Lampedusa is a small, sunny island in the Mediterranean, only 20.2 square kilometres in size and with a population of 5,500. It is the southernmost point of Italy, but geographically it is located closer to Africa. In just one week, Lampedusa became a symbol for the immigration problem affecting the whole Mediterranean region. What is it that’s actually going on? Could the tragic events in Lampedusa be a catalyst for Europe to find new solutions to its old problem?
Lampedusa became known to everyone in Europe in an unfortunate way on October 3rd, 2013. The pressure cooker of illegal immigration which has long been brewing in Italy, particularly in the Lampedusa area, burst when a fishing boat capsized while carrying around 500 people who were trying to enter Italy. More than 300 travellers, most of them Eritrean, drowned in the disaster.
It all happened very fast. An open fire was lit on the deck to attract the attention of nearby boats. The fire spread and panic arose. All those on deck ran to the same side of the boat, causing it to turn over. The human traffickers had already denied most of their passengers of any chance of survival by packing 20 times more people onto the cramped boat than it should have carried.

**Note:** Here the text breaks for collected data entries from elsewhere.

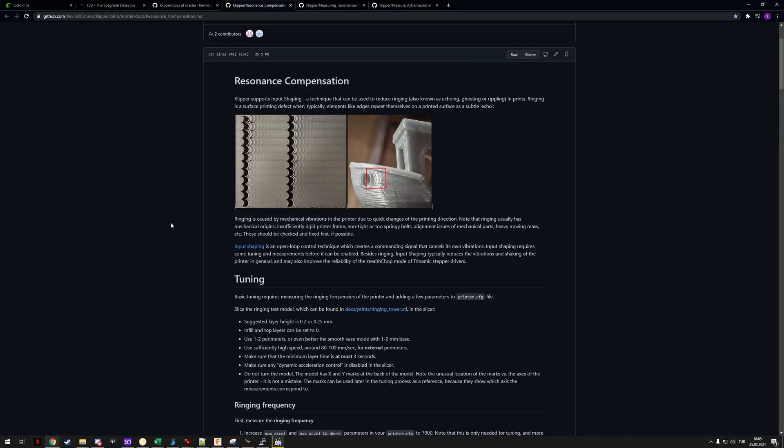Hello everyone, today we're going to tune resonances using an ADXL345 accelerometer. More specifically, I'll be using my ADXL345 MCU, but you can use any ADXL345 accelerometer. Today we're just taking a look at the differences.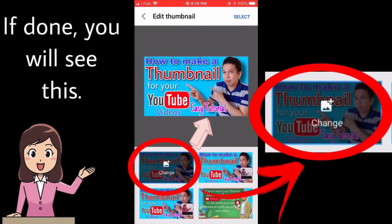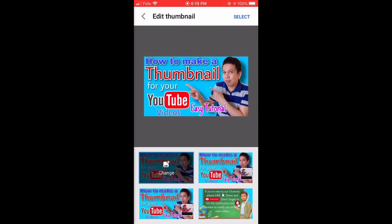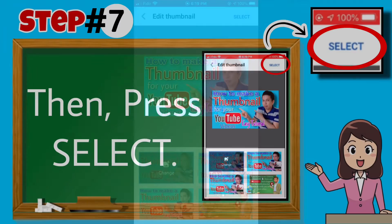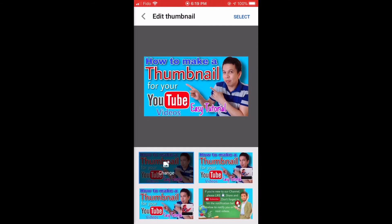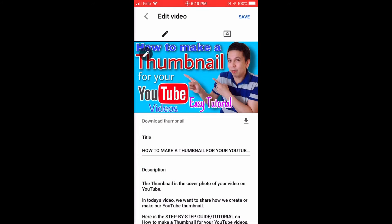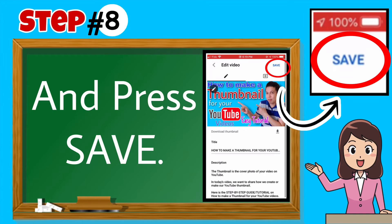If done, you will see this. Step number seven: press Select. And step number eight: press Save.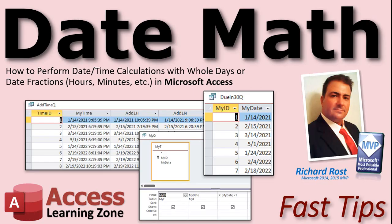So there you go. There's everything you need to know to do some basic date math in your Microsoft Access databases. I hope you enjoyed this and I hope you learned something. We'll see you next time.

Lampedusa has now become a symbol for the long-ongoing, complex phenomenon of immigration in Europe. Migrants crossing the Mediterranean from Africa on jam-packed boats unsuited to the open sea have been an unpleasant reality throughout the twenty-first century. Over the years, certain routes have become established in the eastern, central and western parts of the Mediterranean, along which each year tens of thousands of people risk their lives to reach Europe, mostly via Italy, Greece, Malta and Spain.
Frontex, the European Union agency for external border security, has battled with the phenomenon since its establishment in 2005, alongside other official bodies. Frontex arranged its first maritime operation already in 2006, and currently two operations coordinated by the agency are under way in the Mediterranean.
Over the years there have been significant fluctuations in the intensity of refugee streams crossing the Mediterranean, but after the events of the Arab Spring in 2011, and with the current chaotic situation in Syria, the quantities are once again growing sharply. However, it is important to remember that the Mediterranean is not the only scenario: the situation has been as difficult on certain land borders, for instance the European border of Turkey.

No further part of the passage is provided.